KASIDER’den Babalar Günü’ne özel mesaj

KASIDER 21 Haziran Babalar Günü’ne özel bir mesaj yayınladı. KASIDER Başkanı Sema Tüfekçiler’in kaleme aldığı yazıda şair Ümit Yaşar Oğuzcan’ın hayat hikayesi üzerinden Babalar Günü’nün önemine dikkat çekiliyor.

KASIDER (Kadın Sigortacılar Derneği) 21 Haziran Babalar Günü’ne özel bir mesaj yayınladı. KASIDER Başkanı Sema Tüfekçiler’in kaleme aldığı yazıda Babalar Günü’nün önemine dikkat çekti. Şair Ümit Yaşar Oğuzcan’ın hayat hikayesi üzerinden günün önemine dikkat çekilirken, yazıda önemli mesajlara yer veriliyor.

BABALAR VE ÇOCUKLARI

6 Haziran 1973

Pırıl pırıl bir yaz günüydü

Aydınlıktı, güzeldi dünya

Bir adam düştü o gün Galata Kulesi’nden

Kendini bir anda bıraktı boşluğa

Ömrünün baharında

Bütün umutlarıyla birlikte

Paramparça oldu

Bir adam benim oğlumdu…   

Gencecikti Vedat

Işıl ışıldı gözleri

İçi

Bütün insanlar için sevgiyle doluydu

Çıktı apansız o dönülmez yolculuğa

Kendini bir anda bıraktı boşluğa

Söndü güneş, karardı yeryüzü bütün

Zaman durdu

Bir adam düştü

Galata Kulesi’nden

Bu adam benim oğlumdu

“Açarken ufkunda güller alevden”

Çıktı, her günkü gibi gülerek evden

Kimseye belli etmedi içindeki yangını

Yürüdü, kendinden emin

Sonsuzluğa doğru

Galata Kulesi’nde bekliyordu ecel

Bir fincan kahve, bir kadeh konyak

Ölüm yolcusunun son arzusu buydu

Bir adam düştü

Galata Kulesi’nden

Bu adam benim oğlumdu 

Küçüktü bir zaman

Kucağıma alır ninniler söylerdim ona

“Uyu oğlum, uyu oğlum, ninni”

Bir daha uyanmamak üzere uyudu Vedat

Galata Kulesi’nden bir adam attı kendini

Bu nankör insanlara

Bu kalleş dünyaya inat

Şimdi yine bir ninni söylüyorum ona

“Uyan oğlum, uyan oğlum, uyan Vedat”…

Evet çoğumuz biliyoruz belki bu şiiri ve arkasındaki, hüzünlü hikâyeyi…

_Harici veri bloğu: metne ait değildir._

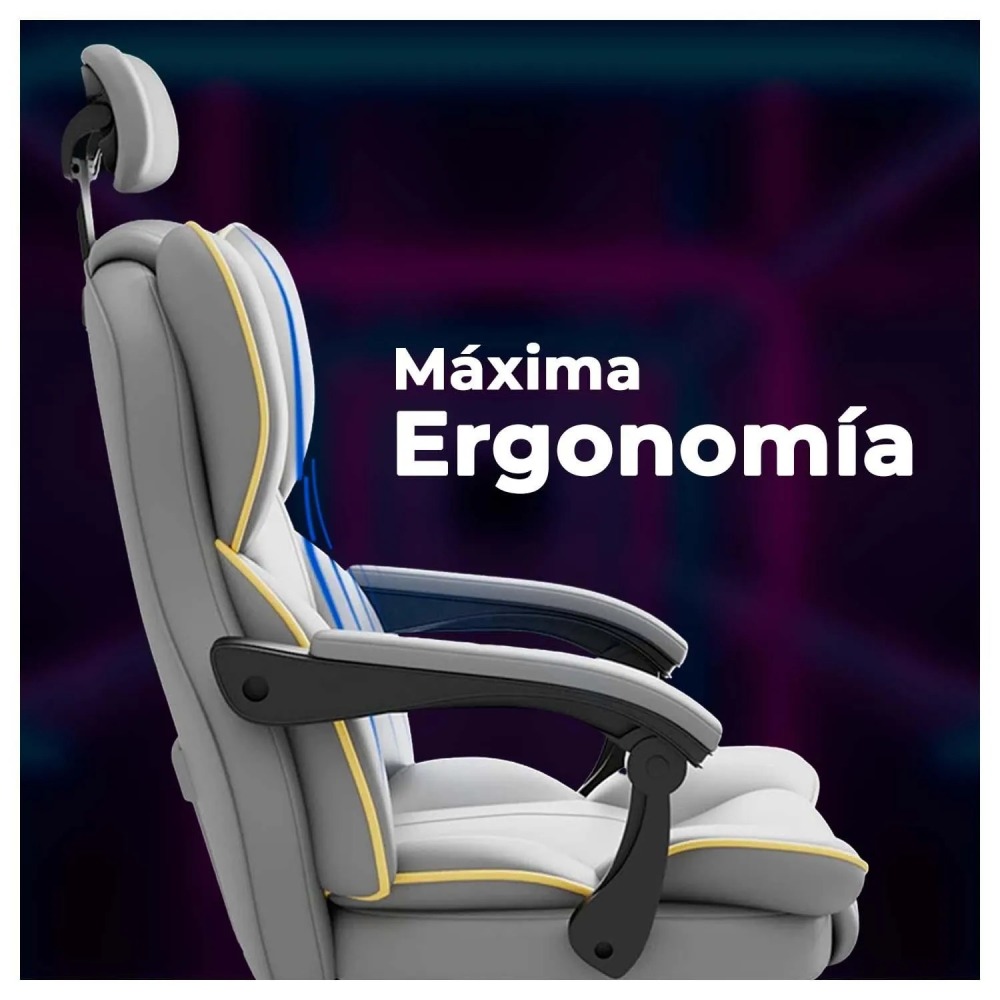Silla de Oficina Escritorio Gamer Extra Confort diseño premium - Gris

Ümit Yaşar Oğuzcan ; Çocuk yıllarından itibaren kazalar peşini bırakmadı , çeşitli rahatsızlık ve hastalıklar peş peşe geldi ve kızamığa yakalandığında yüksek ateş altında kekeme kaldı. O zamanlar nereden bilebilirdi ki bu acıları , daha sonra yaşayacağı ve belki de hayatının en derin yarasını açacak olan olay yanında , esamisinin okunamayacağını. Tüm ailesi onun bu depresif hallerinin geçmesi için sürekli olarak çabaladı ama nafile idi, daha da çok içine kapanıyordu ve sürekli yalnız kalmayı seven birisi haline geliyordu . Sürekli intiharı düşünen birisi olmuştu, belki de ileride yaşayacağı bu dramı görmek ve yaşamak istemediği için hayatından vazgeçme yolunu seçmeye çalışıyordu, sürekli intihar teşebbüsleri oluyor idi.  Özellikle şiir yazarken dünyayla bağı tamamen kopuyor ve şiirleri ile iç içe geçiyordu.  Şiir okurken kekelemeyen bambaşka bir insan oluveriyordu.

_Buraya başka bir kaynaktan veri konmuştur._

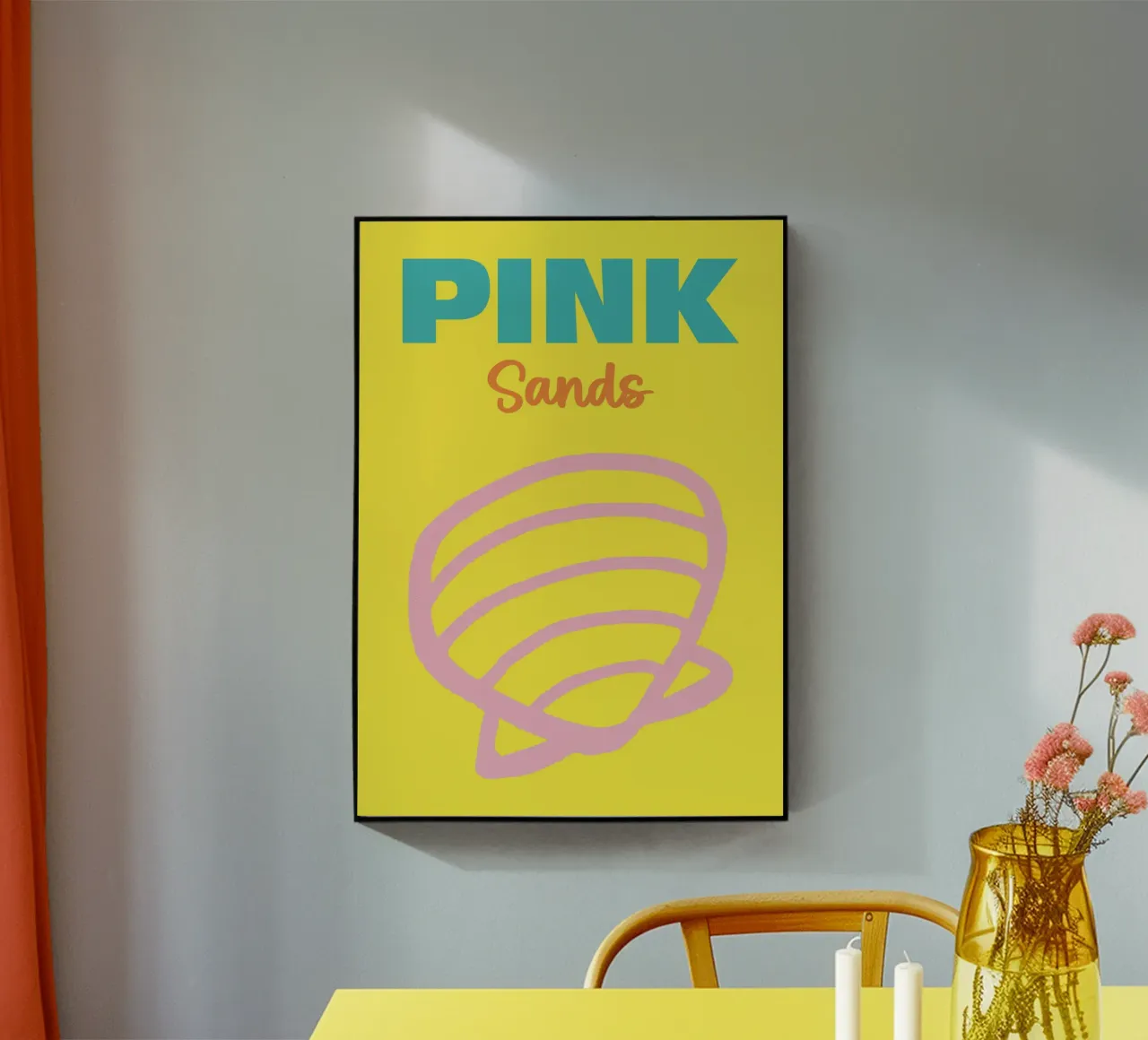 Pink Sands plexiglass da Colorful Homes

“Beni hayallerimin bittiği yere asın.” diyen bir adam aslında yaşarken ölümü tadan bir ruhtan başka ne olabilirdi ki .  

Görücü usulü ile evlendirilen Ümit Yaşar , evliliğinde de hiç mutlu olamadı elbette, oysa ki babası onun çok mutlu olmasını istiyordu.  Onun da bir oğlu oldu, Vedat . Ancak Ümit Yaşar’ın intihar teşebbüsleri evliliğinde ve baba olduktan sonra dahi devam etti, tam 24 kere, tam 24 kere ölümü düşleyerek intihar etmeye çalıştı ama başaramadı. Vedat , babasından kendisini fark etmesi için elinden gelen her şeyi yaptı ama Ümit Yaşar o kadar kendi derdinin derininde idi ki, onu hiç fark edemedi bile. Üstelik çevresine yaşattıklarını idrak edemeyecek kadar da kendi kabuğunda yaşayan yapayalnız bir insandı. Oğlu Vedat küçük yaştan itibaren babasının bu gelgitli, iniş çıkışlı ruh halinden nasibini alarak büyüdü.

Ümit Yaşar, mükemmel bir baba değildi belki ama büyük bir etkisi vardı oğlunun üzerinde. Vedat hep babasını örnek aldı ve hep onun gibi şiirler yazmaya çalıştı ama maalesef olmuyordu onun gibi olamıyordu , geriye babasının da yaptığı ve ondan daha da iyi yapacağına emin olduğu tek şey kalıyordu,  o da ölüm idi.

Bu acılarla daha fazla yaşamak istemeyen Vedat, Galata kulesinin tepesinden bir gün kendini bıraktı ve intiharı başarı ile sonlanmıştı, işte o sonunda babasının yapamadığını yapmış idi, onun gibi şiir yazamamış olsa da , onun şiirlerindeki acı duygusuna ilham olacak bir koca  acıyı bırakmıştı arkasında, giderken de babasına çok ama çok acıklı bir not bıraktı, sanki  “ Baba sen acı nedir şimdi bileceksin, benim çektiğim acıyı şimdi bileceksin , çekmek istediğin acıyı şimdi tadacaksın” der gibi idi;

“Baba, öyle intihar edilmez, böyle edilir.”

Hepinizin gözyaşlarınızı tutamadığına eminim, ama bunu sadece hüzünlenelim diye değil, babamız yaşıyorsa kıymetini bilelim, rahmetli olmuş ise, duamızı edip, en derin duygularımızla analım diye kalem aldım bu yazımı.